== Problem details ==
Only those lines in the data below from the line containing "Minimal Greenery 137791609" through the line containing "Displeased black woman", both included, should be restated word for word.

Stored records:
------------------------------------------------
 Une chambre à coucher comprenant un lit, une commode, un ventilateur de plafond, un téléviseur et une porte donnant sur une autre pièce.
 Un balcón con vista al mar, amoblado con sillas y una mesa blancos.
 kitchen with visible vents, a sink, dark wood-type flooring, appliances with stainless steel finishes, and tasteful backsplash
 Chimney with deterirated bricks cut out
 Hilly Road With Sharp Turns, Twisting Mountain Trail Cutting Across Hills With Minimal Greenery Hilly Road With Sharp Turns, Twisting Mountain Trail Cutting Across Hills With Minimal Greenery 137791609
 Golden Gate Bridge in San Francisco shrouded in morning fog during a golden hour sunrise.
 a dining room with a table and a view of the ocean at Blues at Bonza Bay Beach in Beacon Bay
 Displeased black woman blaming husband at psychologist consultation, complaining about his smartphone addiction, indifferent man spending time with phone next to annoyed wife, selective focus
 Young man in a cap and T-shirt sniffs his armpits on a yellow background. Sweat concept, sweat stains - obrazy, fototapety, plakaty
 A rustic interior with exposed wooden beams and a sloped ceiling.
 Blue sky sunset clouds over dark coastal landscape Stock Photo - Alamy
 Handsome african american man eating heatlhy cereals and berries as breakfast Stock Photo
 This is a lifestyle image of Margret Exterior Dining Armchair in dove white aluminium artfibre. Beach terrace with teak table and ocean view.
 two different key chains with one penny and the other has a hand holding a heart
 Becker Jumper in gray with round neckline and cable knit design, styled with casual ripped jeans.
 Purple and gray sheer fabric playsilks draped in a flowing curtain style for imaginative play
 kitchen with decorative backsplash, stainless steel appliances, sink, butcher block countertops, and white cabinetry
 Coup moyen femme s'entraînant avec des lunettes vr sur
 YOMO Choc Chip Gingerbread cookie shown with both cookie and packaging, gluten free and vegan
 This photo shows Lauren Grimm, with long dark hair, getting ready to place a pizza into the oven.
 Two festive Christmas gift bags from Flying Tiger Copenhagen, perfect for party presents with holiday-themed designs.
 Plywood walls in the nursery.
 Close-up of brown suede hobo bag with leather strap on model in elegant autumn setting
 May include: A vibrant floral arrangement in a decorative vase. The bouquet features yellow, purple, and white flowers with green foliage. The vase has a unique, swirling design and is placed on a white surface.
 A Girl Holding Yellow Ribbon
------------------------------------------------
== Completed exercise ==
 Hilly Road With Sharp Turns, Twisting Mountain Trail Cutting Across Hills With Minimal Greenery Hilly Road With Sharp Turns, Twisting Mountain Trail Cutting Across Hills With Minimal Greenery 137791609
 Golden Gate Bridge in San Francisco shrouded in morning fog during a golden hour sunrise.
 a dining room with a table and a view of the ocean at Blues at Bonza Bay Beach in Beacon Bay
 Displeased black woman blaming husband at psychologist consultation, complaining about his smartphone addiction, indifferent man spending time with phone next to annoyed wife, selective focus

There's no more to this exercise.